◆ **Activity**: The entries below are to be given back exactly, with images excluded.

+--

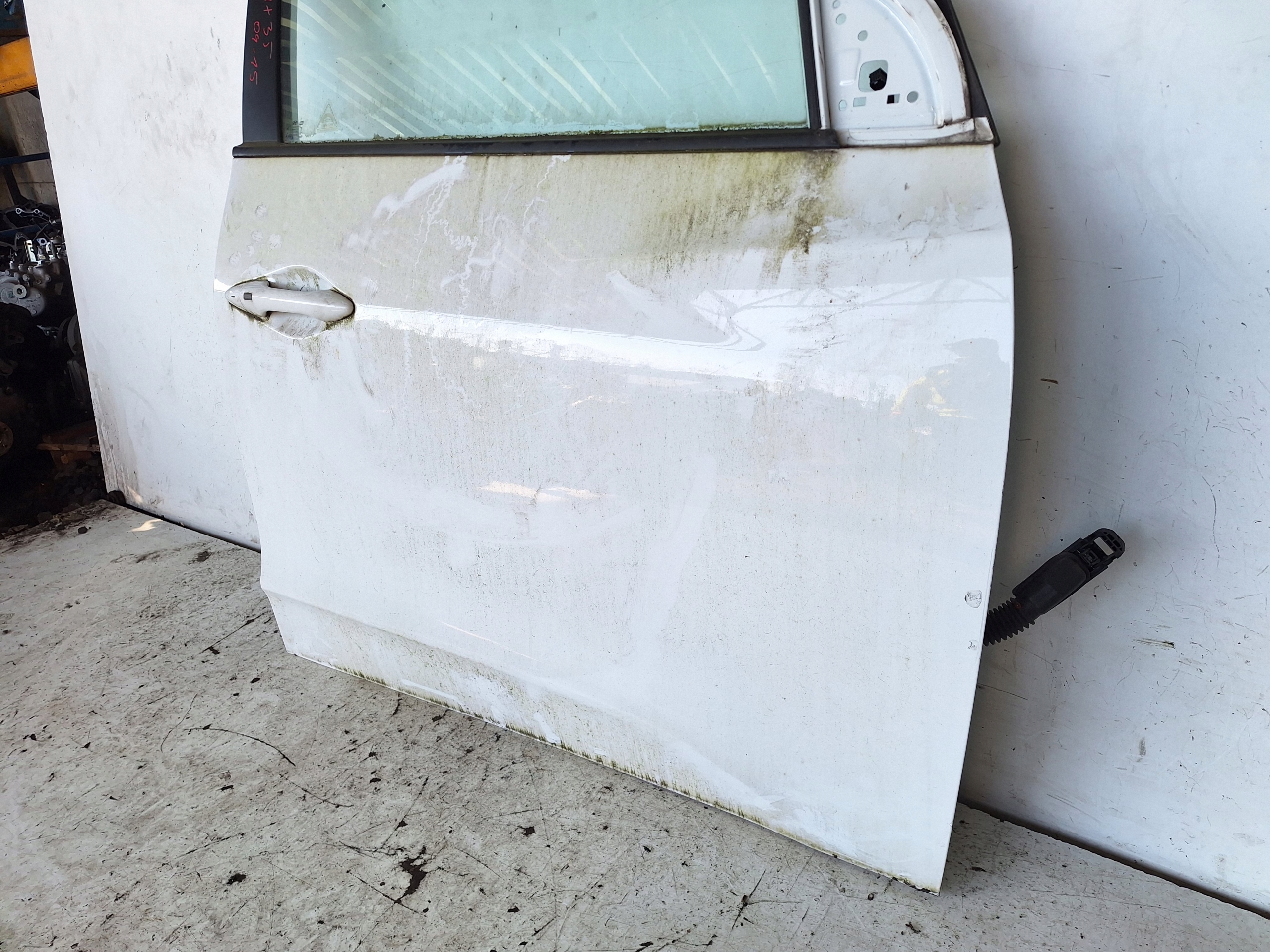 HYUNDAI IX35 09-15 door right front PKW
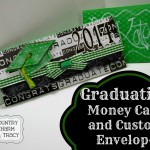 Graduation Money Card & Envelope | Video Tutorial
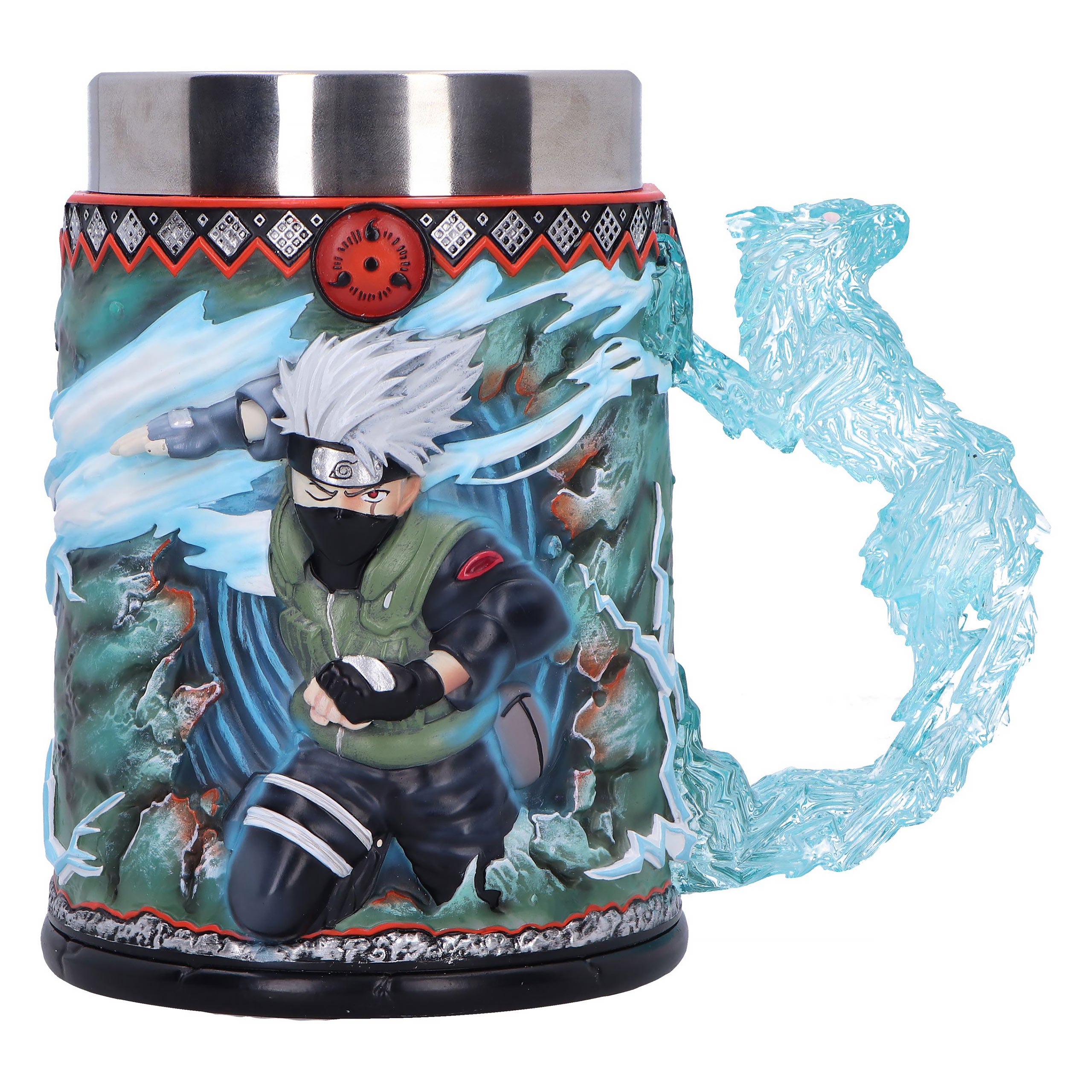 Immagine del prodotto Naruto Shippuden - Boccale Kakashi Deluxe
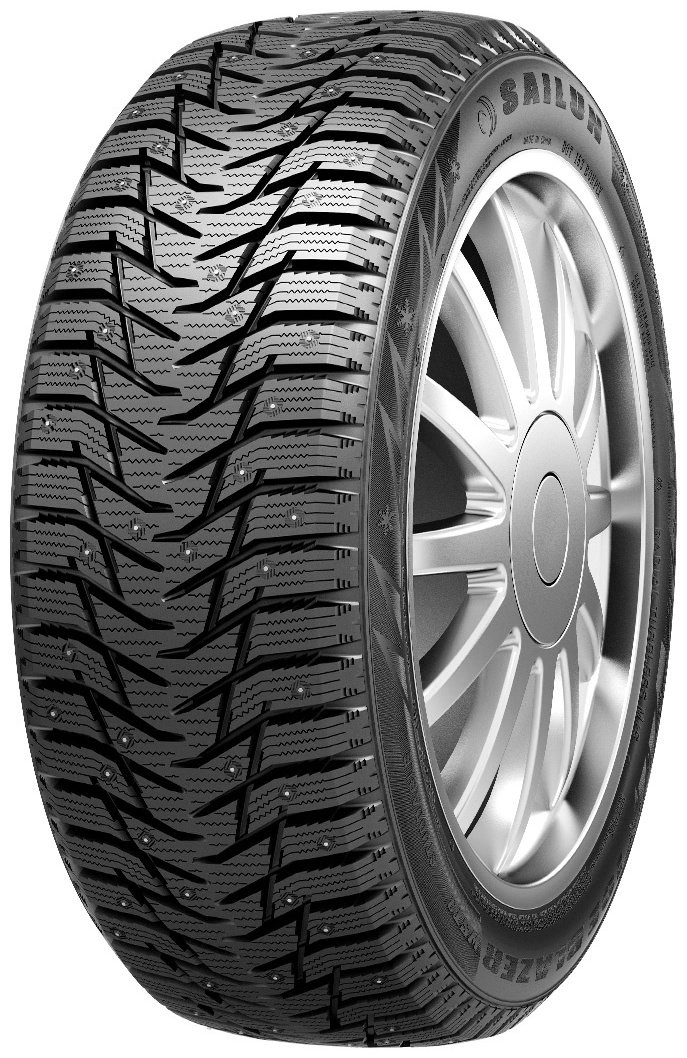 Sailun Ice Blazer WST3 225/55 R16 99T с шипами 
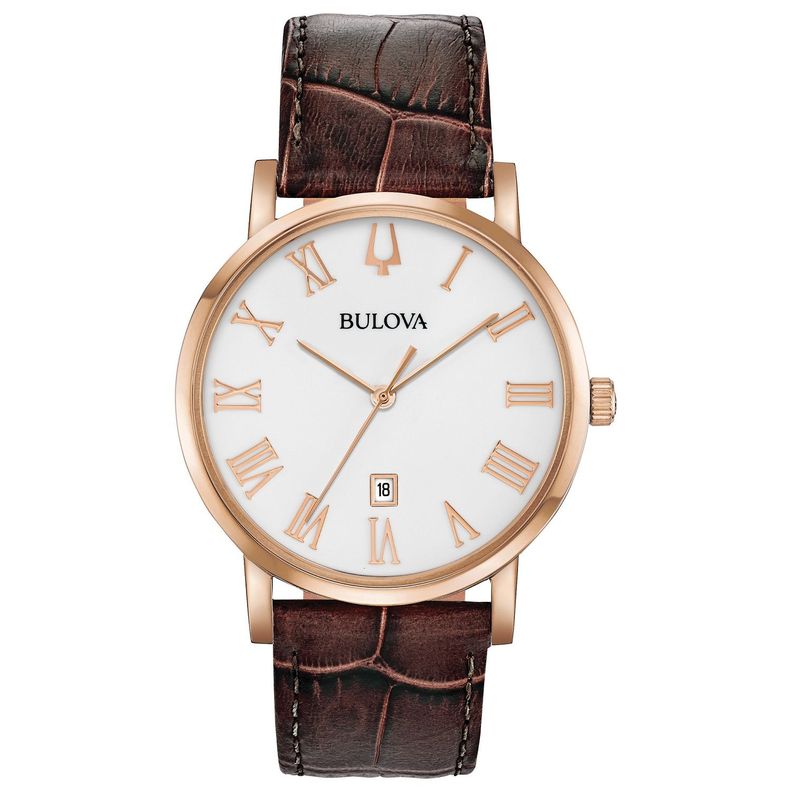 Reloj Bulova Hombre 97B184-0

+--

◆ **Response to this task**:
 HYUNDAI IX35 09-15 door right front PKW
 Graduation Money Card & Envelope | Video Tutorial
 Immagine del prodotto Naruto Shippuden - Boccale Kakashi Deluxe
 Sailun Ice Blazer WST3 225/55 R16 99T с шипами 
 Reloj Bulova Hombre 97B184-0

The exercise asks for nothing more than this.